Türkiye Cumhuriyeti'nin kurucusu, büyük önder Mustafa Kemal Atatürk'ün bağımsızlık mücadelesinin merkezi olan Ankara'ya gelişinin üzerinden tam 104 koca yıl geçti.
I. Dünya Savaşı'nın bitmesiyle Osmanlı İmparatorluğu tamamen parçalanmıştı. Teslimiyet belgesi niteliğinde olan Mondros Ateşkes Antlaşması imzalanmış ve ilgili maddelere dayanılarak İstanbul başta olmak üzere Anadolu'nun birçok bölgesi emperyalist güçler tarafından işgal edilmişti. Dışarıda durum bu minvalde iken içeride de manda taraftarı olan bir sürü dahili düşman türemişti.

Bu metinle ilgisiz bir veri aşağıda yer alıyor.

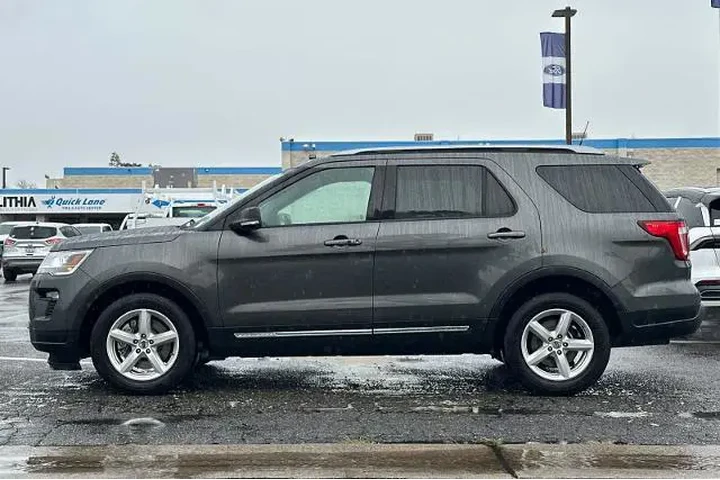 $17936 : Ford Explorer 2018 XLT 4dr S image 6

Devlet ve millet yekvucut olmuş çıkış yolu arıyordu.
Bu durum Nutuk'ta;
"Bu vaziyet karşısında bir tek karar vardı. O da millî egemenliğe dayanan, kayıtsız ve şartsız müstakil yeni bir Türk Devleti tesis etmek! İşte, daha İstanbul'dan çıkmadan evvel düşündüğümüz ve Samsun'da, Anadolu topraklarına ayak basar basmaz uygulamaya başladığımız karar, bu karar olmuştur."
diye bahseder Mustafa Kemal Paşa. Mustafa Kemal Paşa’nın 19 Mayıs 1919 tarihinde Samsun'a çıkışıyla başlayan Milli Mücadele dönemi, bütün imkânsızlıklara rağmen bir milletin küllerinden doğuşunun destanıdır.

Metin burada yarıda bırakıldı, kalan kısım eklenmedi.